Our multidisciplinary team at the University of Nebraska is developing a new model for vaccines that would eliminate the use of syringes. Rather than using weakened or dead bacteria or viruses to stimulate an immune reaction, we propose using genetic material (i.e. DNA) to prompt an immune response, which could allow for oral delivery. This new vaccine model would contain a replica of encoded genetic material from a virus or bacteria. DNA is extremely stable and can be stored on the shelf, thus eliminating the need for cold storage that prevents worldwide administration of vaccines. DNA can also be created in the lab very quickly, allowing for response to pandemics within a matter of weeks. Our team is especially focused on the development of polymers to protect these DNA vaccines so that they could be delivered orally via pill form. Along with eliminating the need for syringes, this would greatly expedite global distribution.

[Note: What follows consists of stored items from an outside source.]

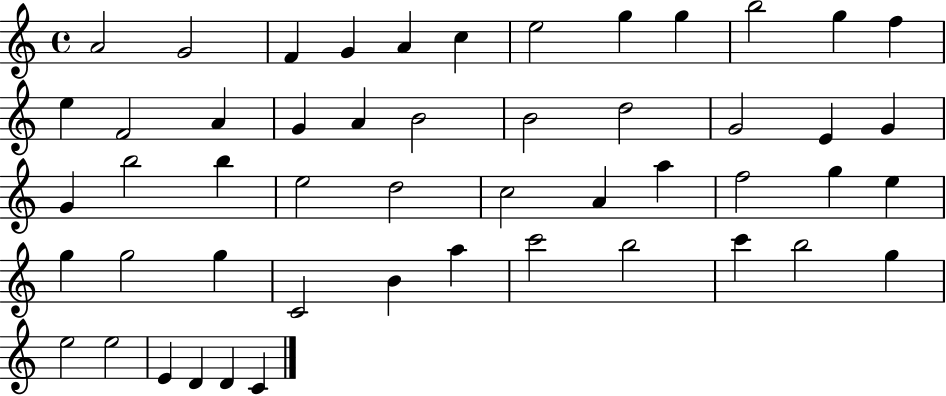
X:1
T:Untitled
M:4/4
L:1/4
K:C
A2 G2 F G A c e2 g g b2 g f e F2 A G A B2 B2 d2 G2 E G G b2 b e2 d2 c2 A a f2 g e g g2 g C2 B a c'2 b2 c' b2 g e2 e2 E D D C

For these pills we are using two natural, safe polymers, chitosan and zein, the former found in the exoskeleton of crustaceans and the latter one made from a biodegradable protein from corn currently used in food and drug manufacturing. Due to this unique combination of materials, we propose that the DNA vaccine can be taken orally and protected as it moves through the digestive system. Once it reaches the intestine, the genetic material can be absorbed by the body, prompt an immune reaction, and build up future immunity. Vaccines based on this model are already used in veterinary medicine but in injection form. We believe that with our proposed system, we will have safer, faster, and easier vaccines for humans that eliminate the possibility of unsafe injections and the use of syringes entirely.

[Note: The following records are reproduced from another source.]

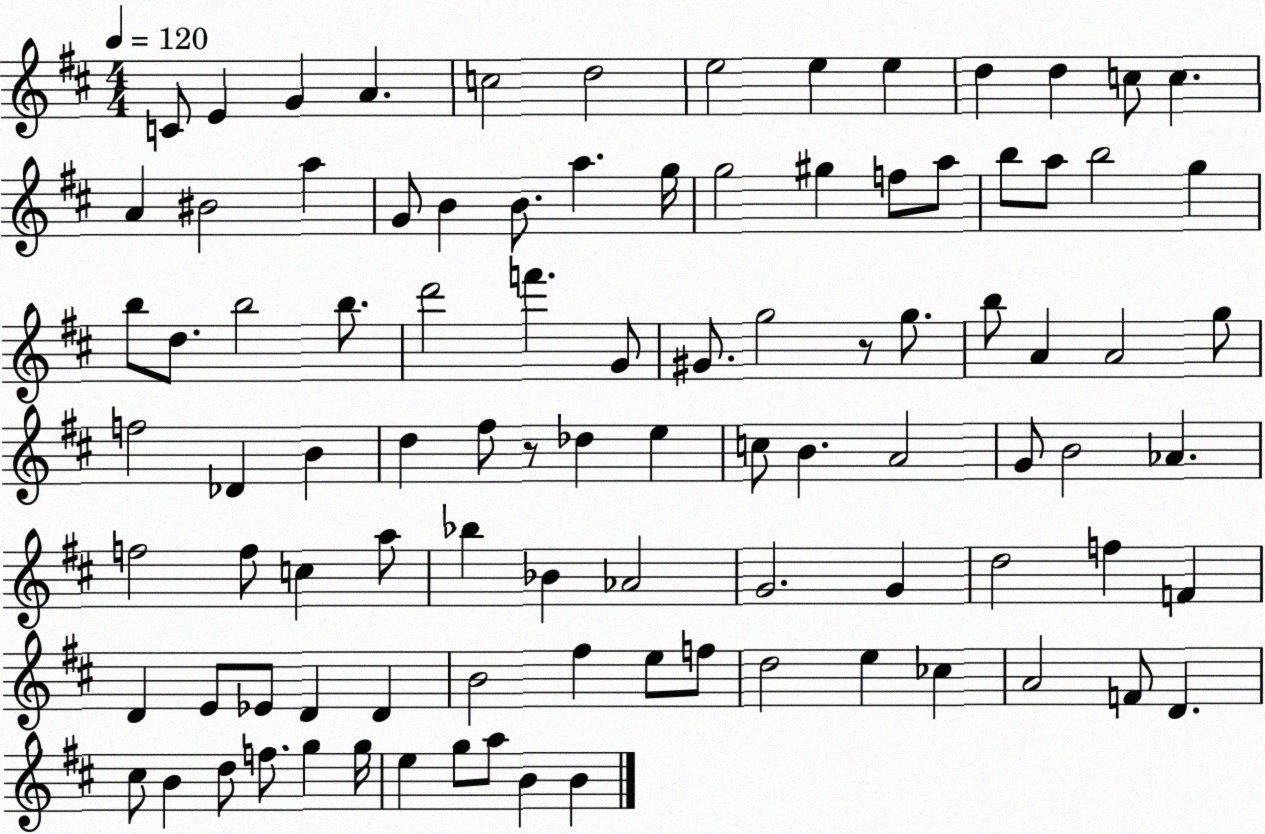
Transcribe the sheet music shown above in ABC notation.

X:1
T:Untitled
M:4/4
L:1/4
K:D
C/2 E G A c2 d2 e2 e e d d c/2 c A ^B2 a G/2 B B/2 a g/4 g2 ^g f/2 a/2 b/2 a/2 b2 g b/2 d/2 b2 b/2 d'2 f' G/2 ^G/2 g2 z/2 g/2 b/2 A A2 g/2 f2 _D B d ^f/2 z/2 _d e c/2 B A2 G/2 B2 _A f2 f/2 c a/2 _b _B _A2 G2 G d2 f F D E/2 _E/2 D D B2 ^f e/2 f/2 d2 e _c A2 F/2 D ^c/2 B d/2 f/2 g g/4 e g/2 a/2 B B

Dr. Angela K. Pannier is a Biomedical Engineer, Associate Professor, and William E. Brooks Engineering Leadership Fellow in the Department of Biological Systems Engineering at the University of Nebraska-Lincoln. She also holds a courtesy appointment in the Department of Surgery and the Mary and Dick Holland Regenerative Medicine Program at the University of Nebraska Medical Center.
Dr. Pannier’s collaborators on the research described above are: Dr. Tadeusz Wysocki, Professor of Computer and Electronics Engineering, University of Nebraska-Lincoln; Dr. Amanda Ramer-Tait, Assistant Professor of Food Science and Technology, University of Nebraska-Lincoln; Dr. Deborah Brown, Associate Professor, School of Biological Sciences, University of Nebraska-Lincoln; and Dr. Paul Davis, Assistant Professor of Biology, University of Nebraska at Omaha.